I was talking with Lynn this morning about how fortunate I felt. I know I have melanoma, and now diabetes, but the melanoma isn’t affecting my daily life at this point. I can do the things I could before and my energy level has been pretty good lately. I’m not taking my current state for granted, though. I know that I’m just one scan away or one symptom away from having a much different experience. That’s my world now. There’s no cure, just hope and worry.
As I said, I feel good, and I think I look pretty good. My skin color is somewhat pale. Guess I’m not getting enough sun these days. Go figure!
I just mention this because I think people often seem surprised that I don’t match their mental image of a “cancer patient.” I think I know what they’re expecting. It’s what I would have expected prior to my diagnosis. I know now, based on my own experience, and from the other melanoma travelers I’ve seen at my oncologist’s offices, there is no such thing as a typical melanoma patient. I also know that it’s possible to look good and feel like crap. If you want to know how someone is really doing, ask. You might get an honest answer.
Truth is, I’m not likely to give an honest answer. I tend to gloss over the low points, even with my health care providers. As I noted, I’m feeling pretty good, cancer-wise, but I’m struggling with diabetes management. I got the diabetes as a side-effect of Nivolumab treatment, so it’s all part of my journey now. I tend to gloss over that because I don’t want to go into the details all the time, but also because I want to project an image of “I got this.” Mostly, I don’t want to be that “cancer patient” that people have in their minds. That I still have in my mind.
I was what I would call a sickly kid. I’ve had asthma for as long as I can remember, but it wasn’t until I was in my early 20s that I got medication that allowed me to effectively manage it. Until then I was constantly at risk of running out of breath or having a serious attack that left me gasping for breath for hours. I avoided many activities because of fear of those attacks. The asthma definitely affected my life and my self-image. It wasn’t until I got that managed in my 20s that I gained some degree of control over my life and also began to gain some self-confidence.

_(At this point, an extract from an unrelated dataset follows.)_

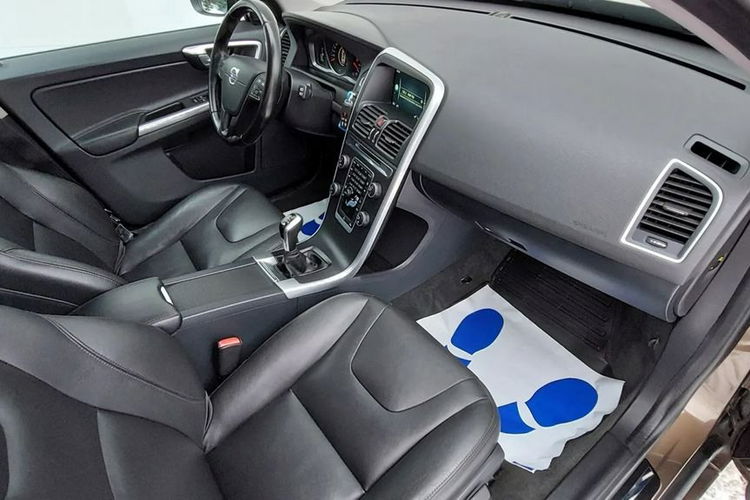 XC 60 2015 2.0 Diesel ŁADNY Kolor BRĄZ Zadbane VOLVO XC60 zdjęcie 29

That’s the attitude that I internalized, the attitude that you can’t be a real man if you are weak or vulnerable. Or sick. I realize now that I have not shaken off that attitude. So I often dissemble. I don’t mean to deceive or hide what’s really going on, but it’s a reflex. I have to really trust to be really honest about this stuff. Or be really tired.
So, if you want to know how someone is doing, just ask. Just know that you might not get a totally honest answer. That’s OK. You should check in regularly and ask them again, though. It shows you care and, with time and trust, you might get an honest answer.